▶ [What to work on]: Would you print every entry below exactly as written, omitting the images?

Short text fragments from websites
———
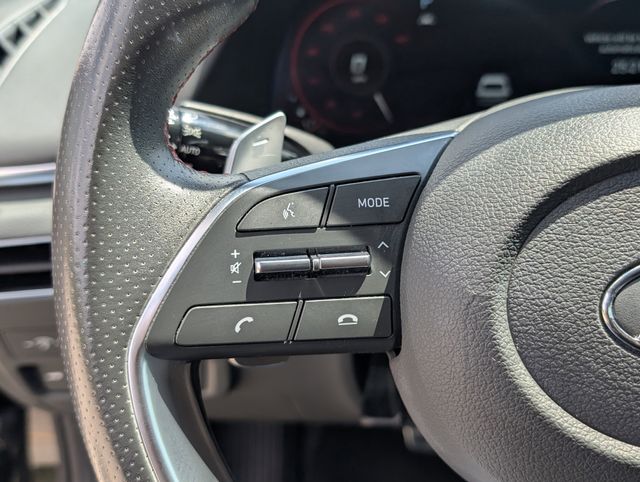 Used 2021 Black Hyundai SEL Plus image 15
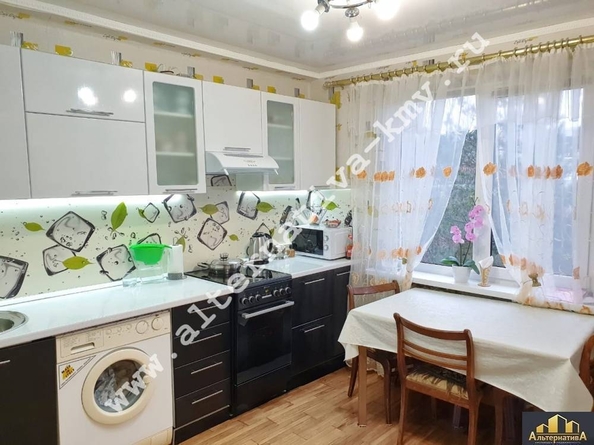 
   Продам 3-комнатную, 78 м², Азербайджанская ул

. Фото 1.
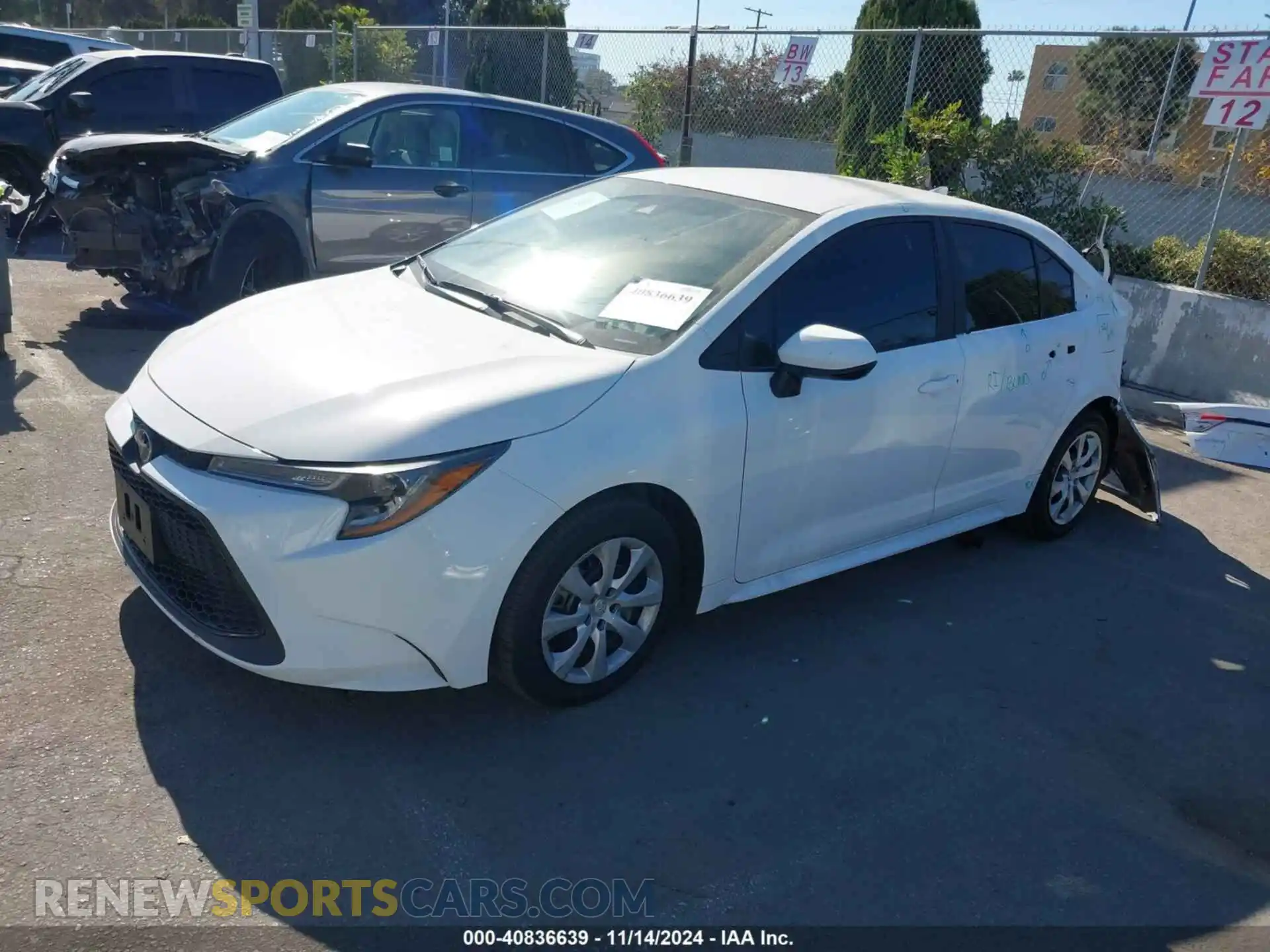 2 Photograph of a damaged car 5YFEPMAE2NP285946 TOYOTA COROLLA 2022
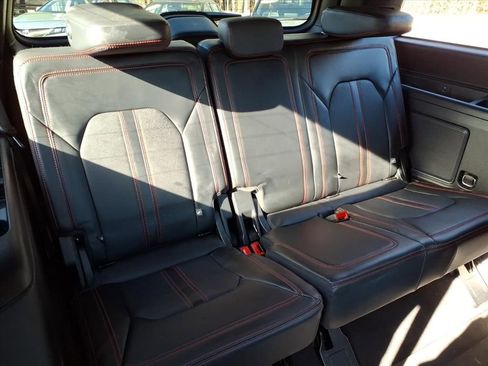 Certified 2024 Ford Expedition Limited image 9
———
▶ [Final answer]:
 Used 2021 Black Hyundai SEL Plus image 15
   Продам 3-комнатную, 78 м², Азербайджанская ул

. Фото 1.
 2 Photograph of a damaged car 5YFEPMAE2NP285946 TOYOTA COROLLA 2022
 Certified 2024 Ford Expedition Limited image 9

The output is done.